# Paternity Leave For Men



## Davey Jones (Apr 6, 2014)

Whats your opinion?  

When my kids were born I had to use up my "sick days" from work to stay home for a few days until the in-laws took over.

There is an old saying "Real men don't take paternity leave,"


----------



## Justme (Apr 6, 2014)

I think it is a good idea.

 In the UK there are quite a number of house husbands who stay at home and look after the kids whilst their wives are the breadwinners. Whatever works for a family, I guess.


----------



## Falcon (Apr 6, 2014)

Could help in some cases.


----------



## That Guy (Apr 6, 2014)




----------



## Justme (Apr 6, 2014)

If men gave birth I reckon they would demand 18 years paternity leave as a right!


----------



## i_am_Lois (Apr 6, 2014)

It would be nice if an employer offered paternity leave for men. But I never worked anywhere that provided that. It's not imposed legally upon employers to offer it. If it were on a voting ballet... "Should we make it a law that employers offer paternity leave for men?" I would vote NO. I don't feel it's something so crucial that it should be required by law. But yes, a nice thing for a man to be able to take time off from work to help the family.


----------



## Davey Jones (Apr 6, 2014)

i_am_Lois said:


> It would be nice if an employer offered paternity leave for men. But I never worked anywhere that provided that. It's not imposed legally upon employers to offer it. If it were on a voting ballet... "Should we make it a law that employers offer paternity leave for men?" I would vote NO. I don't feel it's something so crucial that it should be required by law. But yes, a nice thing for a man to be able to take time off from work to help the family.



Totally agree with ya.


----------



## SeaBreeze (Apr 6, 2014)

I would vote no too.  The husbands can take sick time or vacation time, maybe a short leave of absence if those are not available.  When I got a new puppy, I'd take my 2 weeks of vacation to stay home with it and housebreak it...not too much of a sacrifice at all.


----------



## Sid (Apr 6, 2014)

My opinion is you should be thankful you had "sick days" and the opportuity to use them.


----------



## Sid (Apr 6, 2014)

i_am_Lois said:


> It would be nice if an employer offered paternity leave for men.

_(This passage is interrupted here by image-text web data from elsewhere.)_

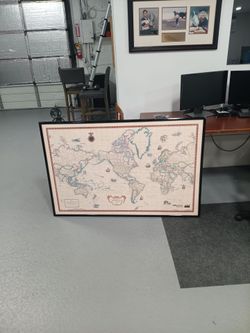 Framed map of the world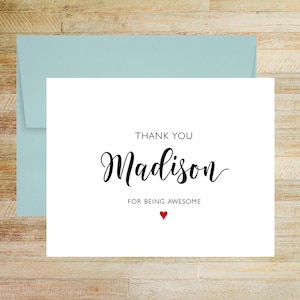 Thank You For Being Awesome Personalized Greeting Card, Gift for Best Friend, All Occasions, PRINTED A2 Folded Card with Blank Envelope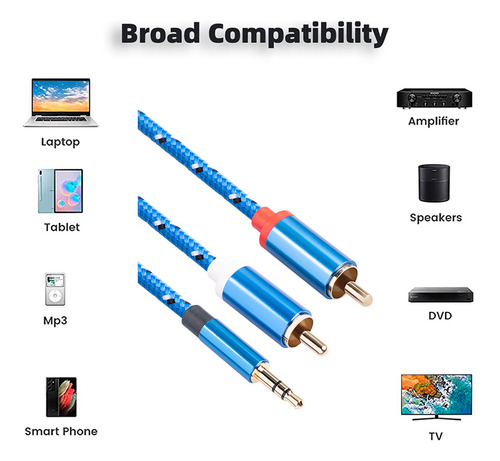 Cable K1rca, Conector De 3,5 Mm Macho A 2 Auriculares Rca Ma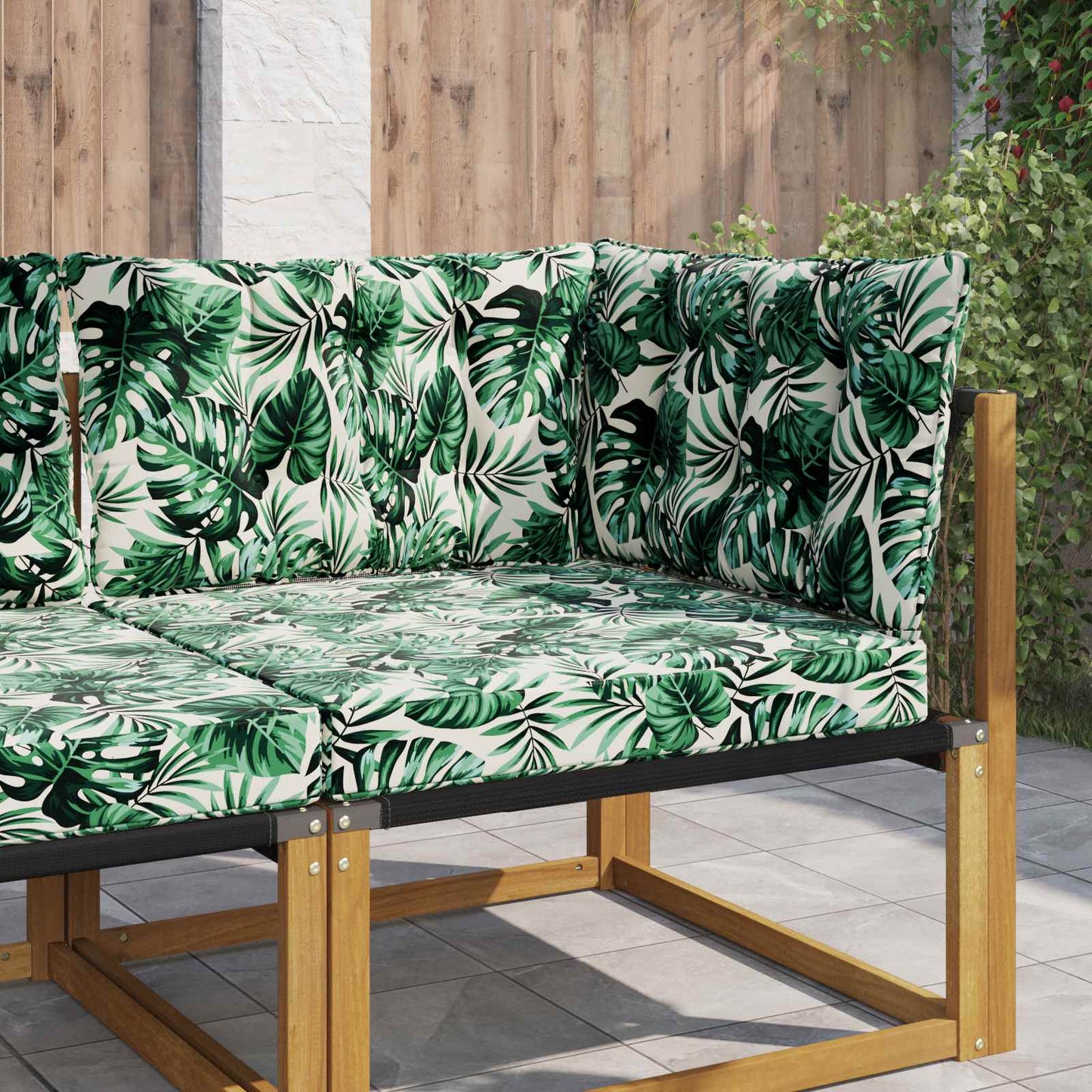 Udendørs Sofa Pude Polyester Bladmønster 80 x 43 x 10 cm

But I never worked anywhere that provided that. It's not imposed legally upon employers to offer it. If it were on a voting ballet... "Should we make it a law that employers offer paternity leave for men?" I would vote NO. I don't feel it's something so crucial that it should be required by law. But yes, a nice thing for a man to be able to take time off from work to help the family.





    I agree.


----------



## Warrigal (Apr 6, 2014)

Currently we have paid parental leave scheme that is available to all employees. It offers a total of 18 weeks of paid leave at minimum wage rates for a parent who was working before the birth. It is available to adoptive parents as well as those having natural births and either the mother or the father can take up the scheme, or they can do it in some combination. The funding comes from the federal government.

This does not do away with other more generous schemes offered by larger firms and government agencies and there is no double dipping allowed.

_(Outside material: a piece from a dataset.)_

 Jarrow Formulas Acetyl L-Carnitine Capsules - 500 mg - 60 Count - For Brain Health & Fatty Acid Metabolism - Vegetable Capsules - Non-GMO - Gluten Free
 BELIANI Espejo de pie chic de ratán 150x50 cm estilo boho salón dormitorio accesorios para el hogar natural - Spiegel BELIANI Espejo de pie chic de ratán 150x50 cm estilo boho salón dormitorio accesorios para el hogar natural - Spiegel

It's a new scheme, about 3 years old, and our current government is wanting to bring in a new gold plated scheme where women (not sure about men?) will receive 16 weeks leave paid at full usual salary plus all other entitlements. The government will fund it but impose a 1.5% tax levy on larger employers. The upper limit is $150,000 per annum which means that some very well off women will be receiving $75,000 to stay at home to look after their baby. Easy to afford a live-in nanny to help out at that rate, I reckon. 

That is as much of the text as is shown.